PROBLEM DETAILS ▸ Nothing should appear in the answer except the lines below from the line containing "Thumbnail: 2017 Hyundai Sonata - 17" through the line containing "Alameda De Hercules, Gate Of Center *", copied exactly, with pictures left out.
**** RECORDS FOR THIS TASK
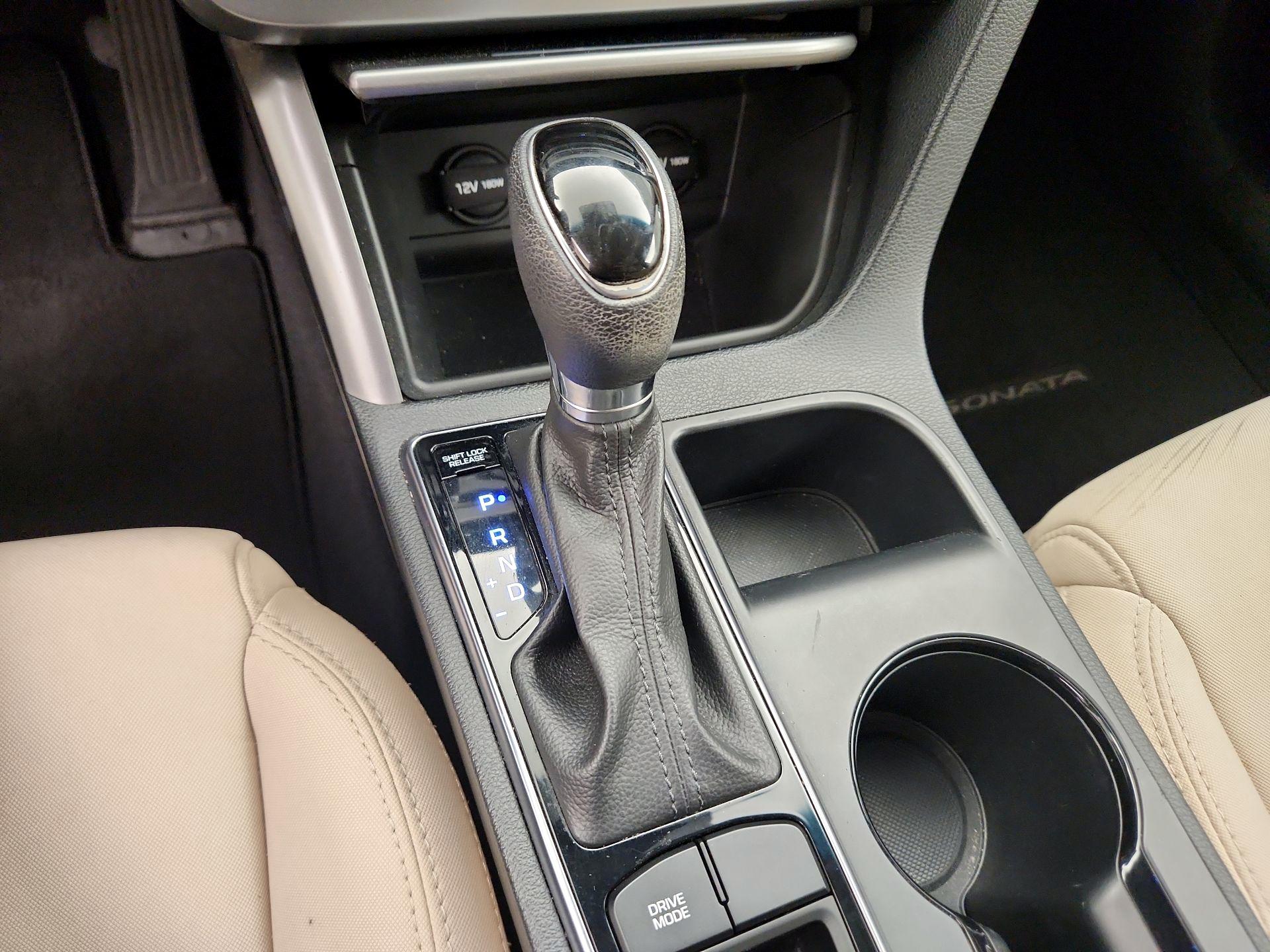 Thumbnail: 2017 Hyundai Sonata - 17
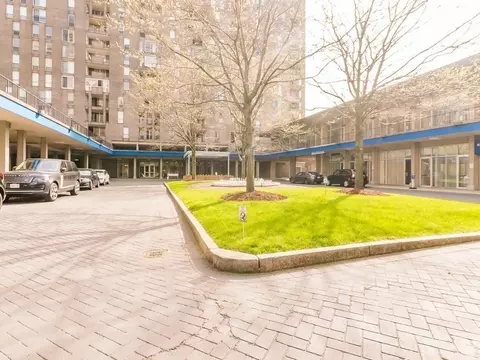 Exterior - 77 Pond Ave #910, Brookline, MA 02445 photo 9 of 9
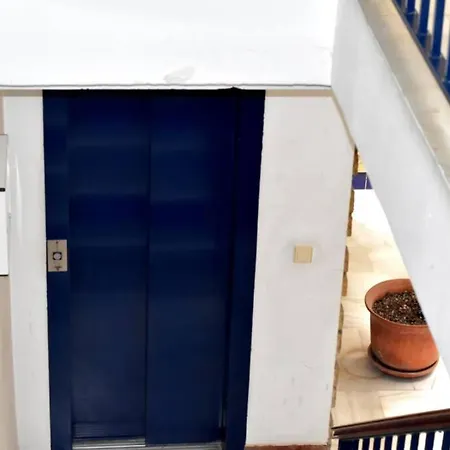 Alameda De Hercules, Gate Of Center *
********
**** RECORDS FOR THIS TASK
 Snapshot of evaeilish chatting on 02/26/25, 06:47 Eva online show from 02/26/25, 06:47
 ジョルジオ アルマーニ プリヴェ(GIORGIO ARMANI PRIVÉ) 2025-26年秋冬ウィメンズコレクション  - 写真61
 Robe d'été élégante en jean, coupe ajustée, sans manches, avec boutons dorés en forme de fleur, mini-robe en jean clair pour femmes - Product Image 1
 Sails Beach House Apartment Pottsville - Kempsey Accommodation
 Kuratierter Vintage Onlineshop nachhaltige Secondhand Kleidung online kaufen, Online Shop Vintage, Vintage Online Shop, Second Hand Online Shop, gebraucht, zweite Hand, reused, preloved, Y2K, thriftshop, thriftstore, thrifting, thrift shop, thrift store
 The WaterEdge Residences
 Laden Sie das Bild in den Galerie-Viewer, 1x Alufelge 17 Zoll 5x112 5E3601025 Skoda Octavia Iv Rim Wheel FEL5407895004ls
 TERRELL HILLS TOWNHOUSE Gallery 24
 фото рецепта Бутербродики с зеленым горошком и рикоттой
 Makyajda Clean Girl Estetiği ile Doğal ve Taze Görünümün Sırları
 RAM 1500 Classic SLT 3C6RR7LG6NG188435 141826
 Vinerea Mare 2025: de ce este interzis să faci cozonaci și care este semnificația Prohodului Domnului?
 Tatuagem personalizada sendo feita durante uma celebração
********
**** RECORDS FOR THIS TASK
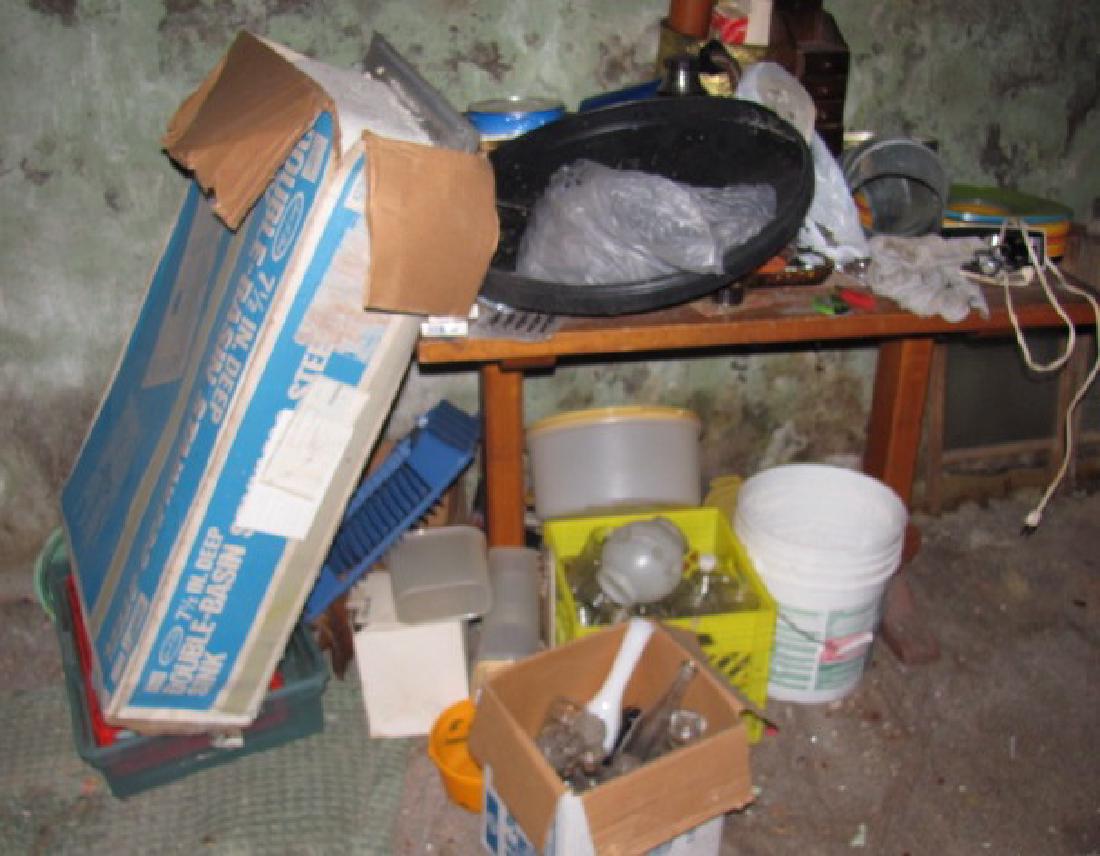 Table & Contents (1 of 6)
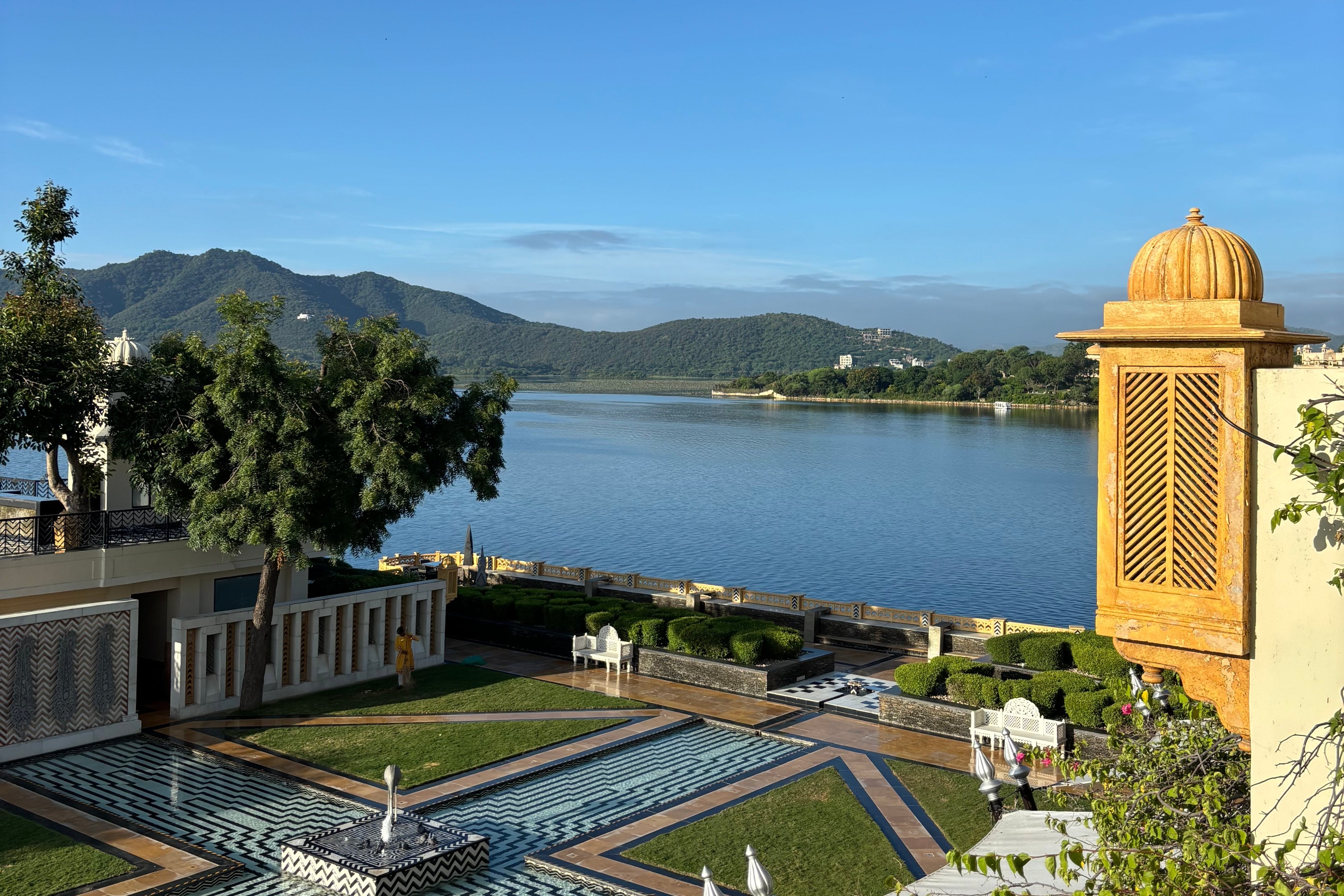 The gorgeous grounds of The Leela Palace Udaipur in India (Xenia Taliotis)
********
REPLY ▸
 Thumbnail: 2017 Hyundai Sonata - 17
 Exterior - 77 Pond Ave #910, Brookline, MA 02445 photo 9 of 9
 Alameda De Hercules, Gate Of Center *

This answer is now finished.